**SOURCE DATA:**
+-------+

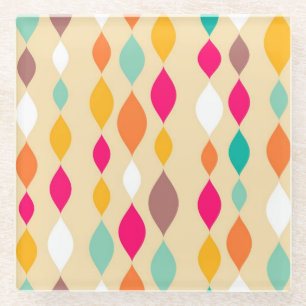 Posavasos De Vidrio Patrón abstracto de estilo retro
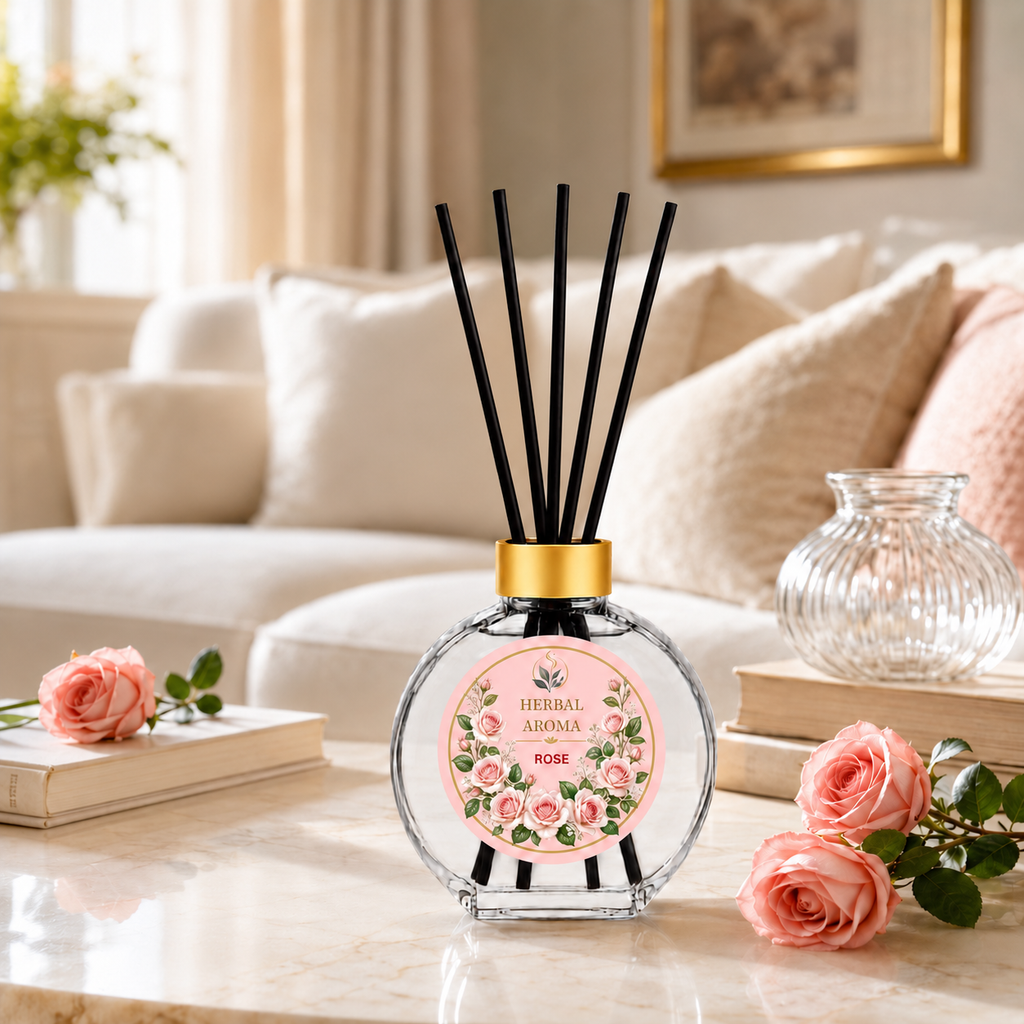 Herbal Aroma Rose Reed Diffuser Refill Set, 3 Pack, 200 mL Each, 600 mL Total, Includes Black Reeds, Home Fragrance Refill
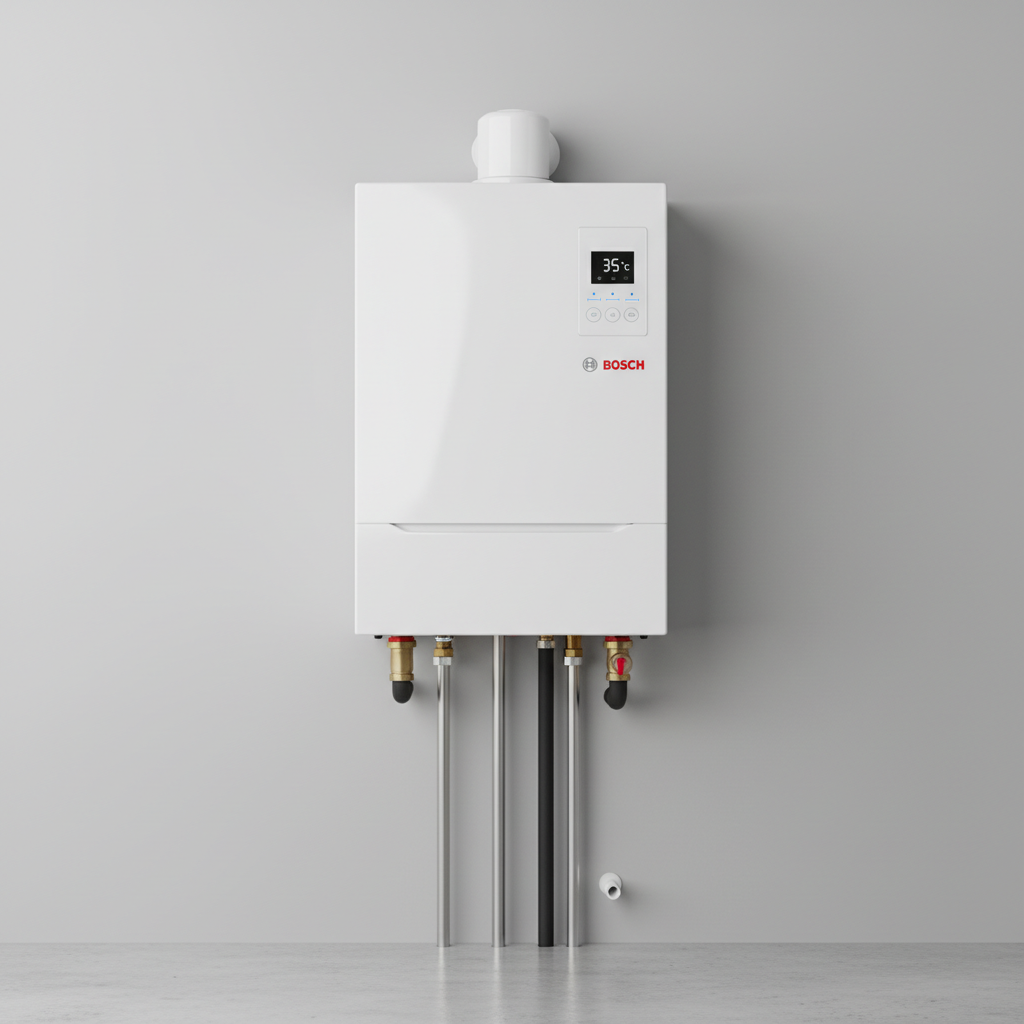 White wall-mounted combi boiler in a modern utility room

+-------+

**THE PROBLEM:** Pictures are to be left out; repeat all the remaining data exactly.

**SOLUTION FOR THIS PROBLEM:**
 Posavasos De Vidrio Patrón abstracto de estilo retro
 Herbal Aroma Rose Reed Diffuser Refill Set, 3 Pack, 200 mL Each, 600 mL Total, Includes Black Reeds, Home Fragrance Refill
 White wall-mounted combi boiler in a modern utility room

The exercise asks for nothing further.